Worship Resources
(download packet as pdf)
An Extraordinary Celebration for an Extraordinary Woman
January 2010
Dear Congregational Leaders,
What a remarkable opportunity the 200th anniversary of the birth of Margaret Fuller affords us to celebrate her life, work and legacy. To ensure a fitting celebration of this extraordinary woman, a group of Unitarian Universalist ministers and lay people, scholars, and representatives from historical sites, commissions and organizations have come together to lift up Fuller’s multi-faceted life as an author, conversationalist, journalist, friend, companion, mother, and wife. The span of her life coincided with an era known as “The Flowering of New England,” a time she shared with the looming figures of Ralph Waldo Emerson, Henry David Thoreau, Bronson Alcott, Elizabeth Peabody, and Nathaniel Hawthorne, among others.

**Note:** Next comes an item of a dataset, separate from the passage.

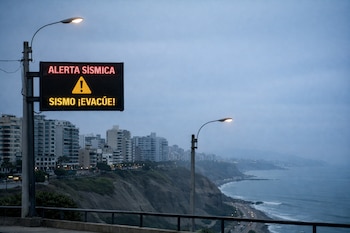 Cartel digital con texto 'ALERTA SÍSMICA' y 'SISMO ¡EVACÚE!', símbolo de advertencia, dos postes de luz, edificios, acantilados, carretera con vehículos, Océano Pacífico y cielo.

We have assembled this packet of worship resources as part of the effort to honor her remarkable life. It is meant to assist Unitarian Universalist congregations in a journey of discovery of this extraordinary woman, an ancestor of our faith. Through informed worship may our congregations discover and rediscover Margaret Fuller in all her complexity, and be energized or re-energized as Unitarian Universalists in the spirit of her life.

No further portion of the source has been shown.